Because of that, according to a fascinating recent report I saw, Christmas “provides a glimpse of what the Catholic Church might look like on a weekly basis if the decline in Mass attendance from the late-1950s peak had never occurred.”
The report, on the blog of the Center for Applied Research in the Apostolate at Georgetown University, said some indicators pointed to attendance hitting an all-time high during Christmas 2009.
And it said there’s every reason to think that Christmas Masses will continue to get more crowded — to the point that, in 2035, there simply won’t be enough seats for everybody.
Here are the data used to come up with that projection:
- Today about 31 percent of Catholics (22 million people) attend Mass in an average week in the United States. (Compare that to 1957-58, when an estimated 74 percent of Catholics attended Mass weekly.)
- But 68 percent of Catholics attend Mass at least “a few times a year” — most likely representing Christmas and Easter.
- That means roughly 48 million Catholics attended Christmas Mass in 2009 — when the usual weekend attendance is 22 million.
- The total seating capacity of Catholic parishes in the United States — the number of seats (8.7 million) times the number of weekend Masses (62,500) — is currently about 33,578,000. That means in an average weekend, the seats are 65 percent filled.
That doesn’t leave a lot of extra capacity.

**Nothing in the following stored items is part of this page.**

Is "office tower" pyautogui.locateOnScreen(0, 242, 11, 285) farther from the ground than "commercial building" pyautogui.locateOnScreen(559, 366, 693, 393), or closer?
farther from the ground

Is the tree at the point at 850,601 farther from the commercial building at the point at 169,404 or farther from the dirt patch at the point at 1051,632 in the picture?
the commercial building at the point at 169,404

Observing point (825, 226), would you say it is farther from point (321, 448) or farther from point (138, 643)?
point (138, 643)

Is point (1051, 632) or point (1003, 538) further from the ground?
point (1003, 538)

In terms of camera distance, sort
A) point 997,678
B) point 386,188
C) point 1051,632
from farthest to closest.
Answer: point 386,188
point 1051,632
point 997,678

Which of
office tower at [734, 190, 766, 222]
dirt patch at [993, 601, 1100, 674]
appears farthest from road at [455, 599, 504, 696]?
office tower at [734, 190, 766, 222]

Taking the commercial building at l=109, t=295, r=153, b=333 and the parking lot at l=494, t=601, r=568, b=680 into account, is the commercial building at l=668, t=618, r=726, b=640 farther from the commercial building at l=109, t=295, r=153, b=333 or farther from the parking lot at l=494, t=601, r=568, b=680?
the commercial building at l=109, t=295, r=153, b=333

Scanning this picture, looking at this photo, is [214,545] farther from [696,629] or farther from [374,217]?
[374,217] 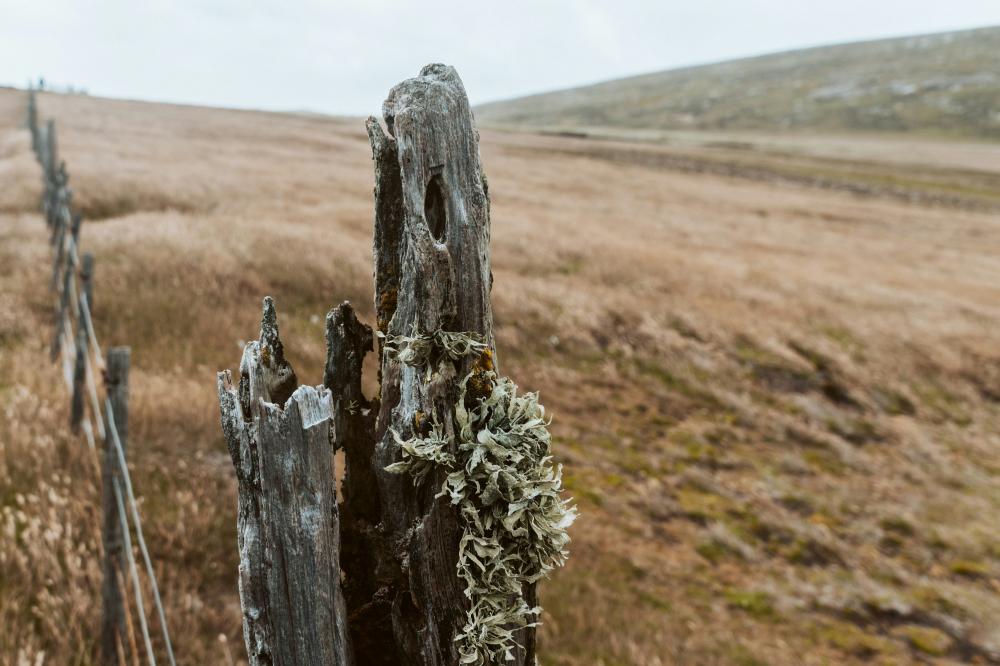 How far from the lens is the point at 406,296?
1.98 metres

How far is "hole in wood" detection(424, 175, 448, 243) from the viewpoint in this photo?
6.54 feet

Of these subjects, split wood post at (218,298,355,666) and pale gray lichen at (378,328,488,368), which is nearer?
split wood post at (218,298,355,666)

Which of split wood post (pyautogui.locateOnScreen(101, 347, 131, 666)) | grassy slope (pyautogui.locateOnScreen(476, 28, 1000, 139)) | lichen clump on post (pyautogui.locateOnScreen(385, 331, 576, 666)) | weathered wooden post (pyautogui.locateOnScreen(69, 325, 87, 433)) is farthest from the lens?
grassy slope (pyautogui.locateOnScreen(476, 28, 1000, 139))

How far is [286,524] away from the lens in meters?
1.70

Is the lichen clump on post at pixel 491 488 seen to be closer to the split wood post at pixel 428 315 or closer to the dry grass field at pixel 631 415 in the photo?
the split wood post at pixel 428 315

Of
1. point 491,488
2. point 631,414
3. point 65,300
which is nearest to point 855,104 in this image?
point 631,414

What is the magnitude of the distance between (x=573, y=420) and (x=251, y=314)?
18.1ft

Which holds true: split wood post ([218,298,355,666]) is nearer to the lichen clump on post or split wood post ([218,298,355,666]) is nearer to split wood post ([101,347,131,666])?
the lichen clump on post

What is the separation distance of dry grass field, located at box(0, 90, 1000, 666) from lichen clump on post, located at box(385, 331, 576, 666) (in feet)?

The projection looks a quarter century down the road, assuming Mass attendance rates hold steady at 31 percent (as they have in recent years), the Catholic population grows 25 percent (as it has since 1985), and the number of parishes declines by another 5 percent (as it has since 1985, and likely will continue to because of insufficient priests).
Bottom line: In 2035, there will be 60 million Catholics at Christmas Masses — and only 31.9 million total seats.
One solution is to increase the number of Masses, as far as possible in the limited hours of the day.
But that’s not enough. The projection suggests that the physical capacity of the Church in the United States will have to grow — contrary to current trends toward consolidation.
Of course, that day could come even sooner if we’re able to get weekly Mass attendance rates edging up. Initiatives like Catholics Come Home are having some success; the Diocese of Phoenix estimates it has brought back 92,000 inactive Catholics through its advertisements.